Das sehen bundesweit offenbar viele Aktivisten so. Denn ein Blick auf die Deutschlan­dkarte, die Fridays for Future auf seiner Website veröffentl­icht, zeigt, dass die Bewegung Stück für Stück wieder auf die Straße zurückkomm­t. Dort kann man sehen, wo aktuell Aktionen geplant sind. Am vergangene­n Freitag etwa eine Fahrraddem­o in Landshut, Aktivisten machten hier mit ihren Klingeln auf sich aufmerksam.

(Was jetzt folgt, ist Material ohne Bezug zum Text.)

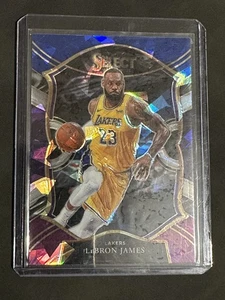 2020-21 Select - Concourse LeBron James #23 Blue/White/Purple Cracked Ice Prizm - Bild 1 von 4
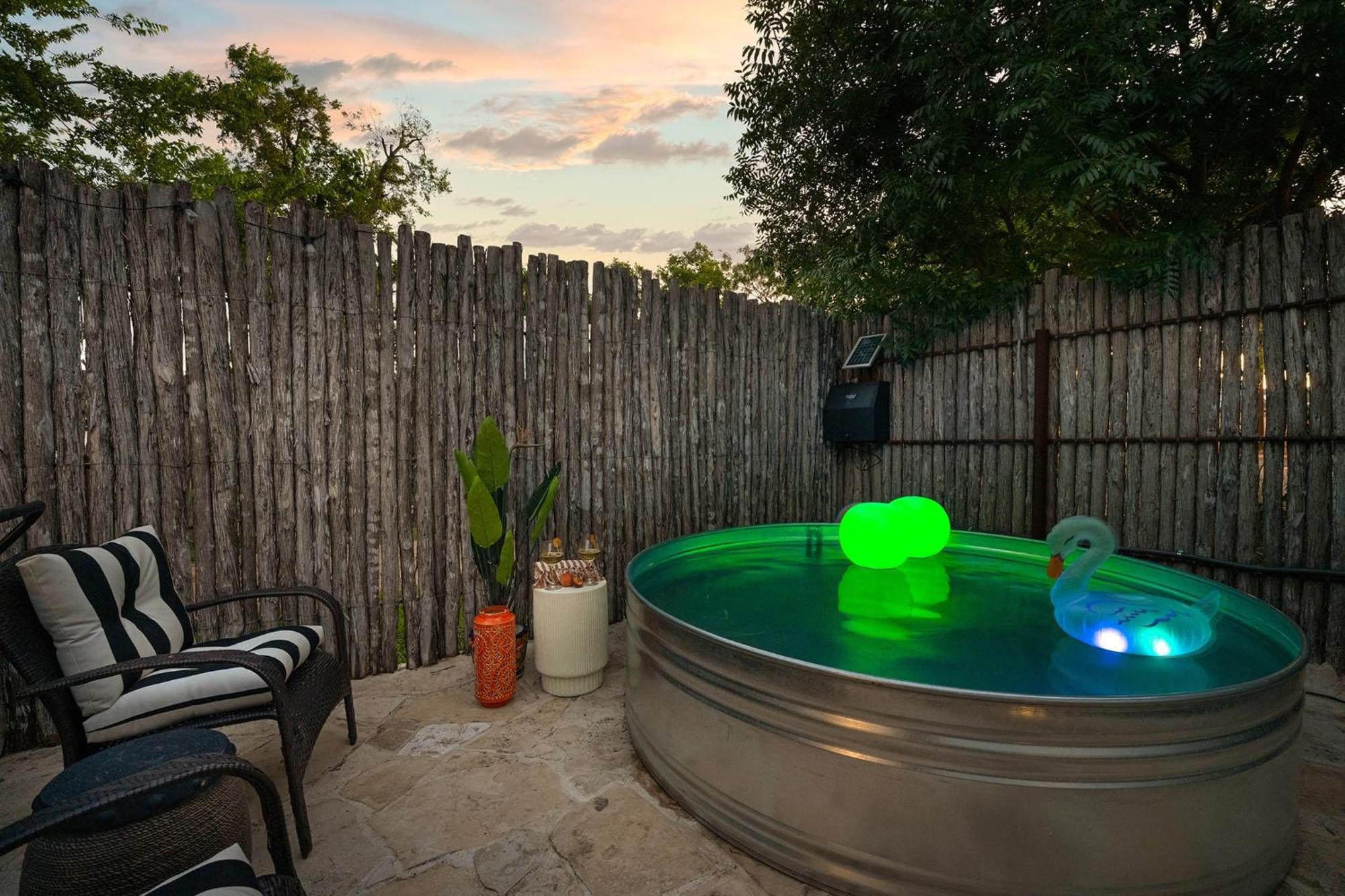 Claret House Full Kitchen And Private Hot Tub Villa Fredericksburg Eksteriør bilde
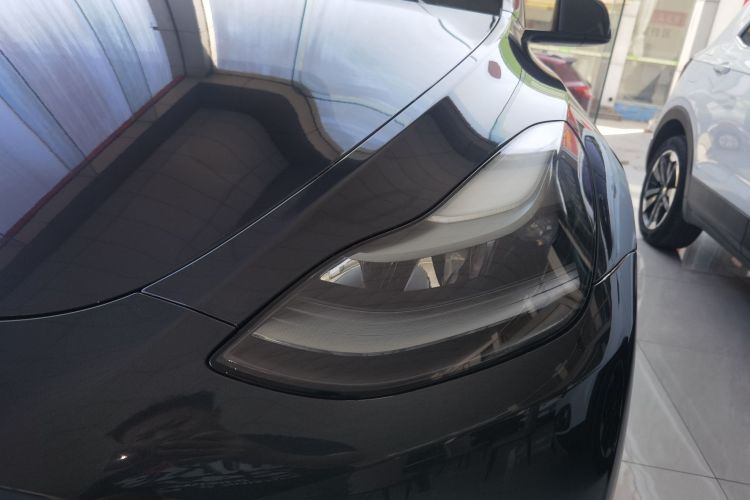 Tesla Model Y 2024 car image #23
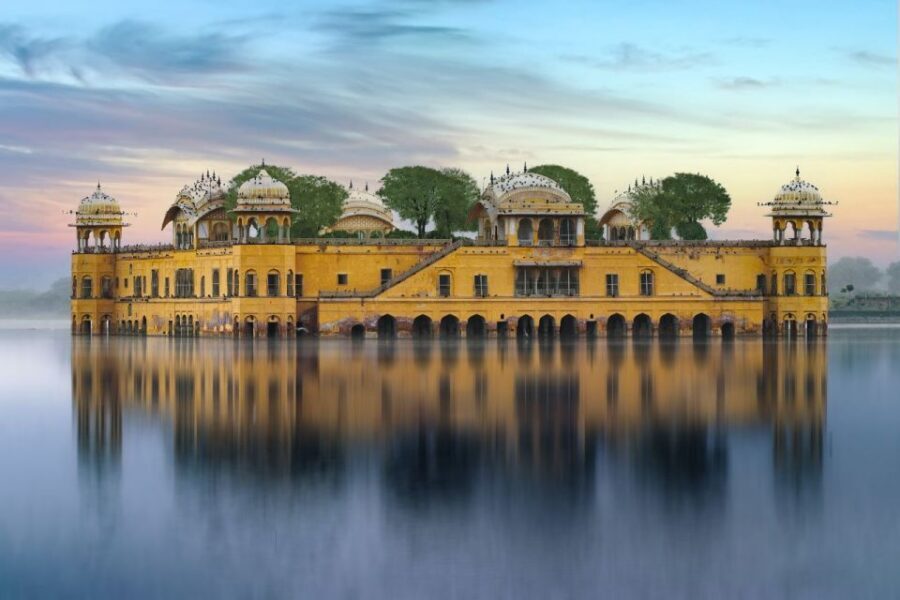 From Delhi: Private Jaipur & Amber Fort Guided Tour by Car - Jantar Mantar UNESCO stop: turning math into street-level wonder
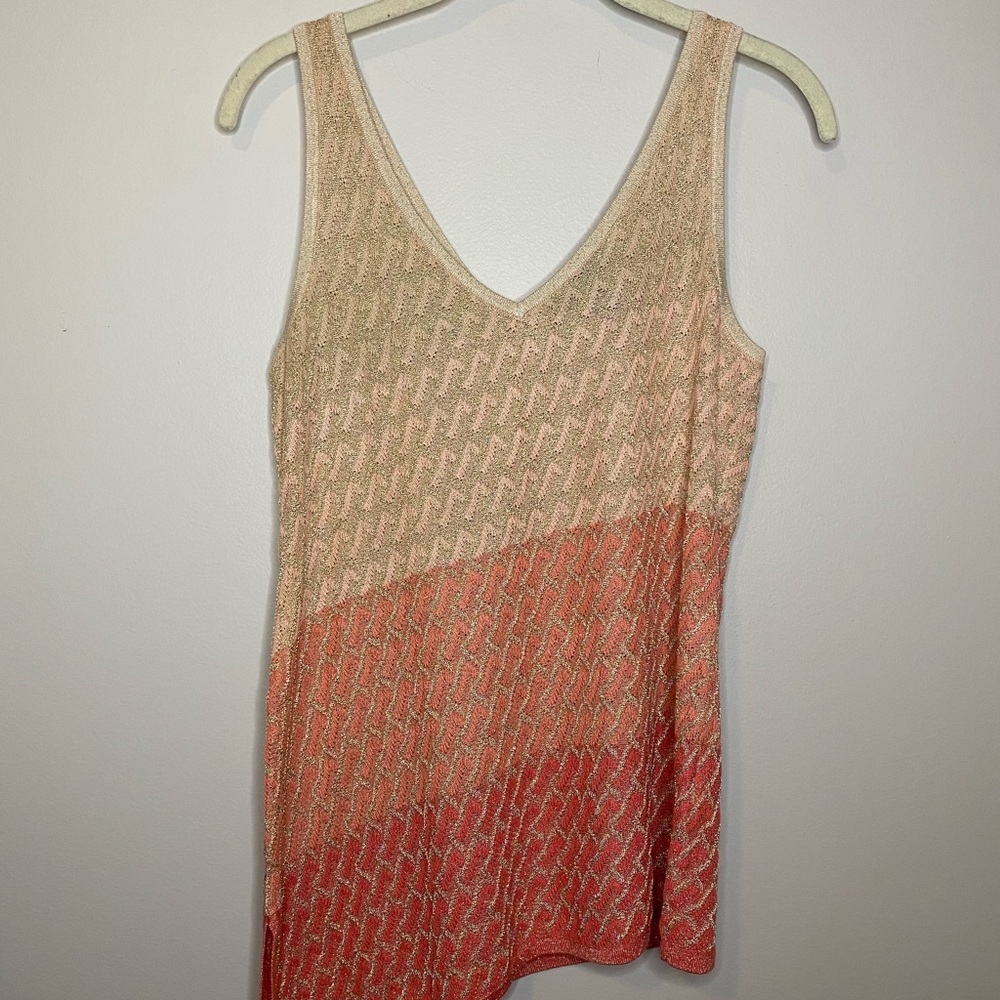 White House Black Market Peach and Coral Tank Top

Sprecher Linus Steinmetz hofft auf eine Rückkehr der Straßendem­os im Laufe der zweiten Jahreshälf­te. „Aber wir fahren auf Sicht“, sagt er. In manchen Punkten könnte Corona die Bewegung gar stärken. Denn schon lange fordern die Aktivisten, auf Forscher zu hören – so wie es die Politik in den vergangene­n Monaten getan hat, wenn es um Maßnahmen zur Bekämpfung der Pandemie ging. Steinmetz würde sich freuen, wenn sich dieses Prinzip auf die Klimapolit­ik übertragen würde. „Wir haben gelernt, dass etwas, das das Leben gefährdet, verboten werden muss“, sagt er. „Und auch Kohle gefährdet Leben.“

Christof Paulus, 28, begleitete 2019 eine FFF-Demonstrat­ion noch auf der Straße. Jetzt blieb ihm nur die Recherche am Telefon.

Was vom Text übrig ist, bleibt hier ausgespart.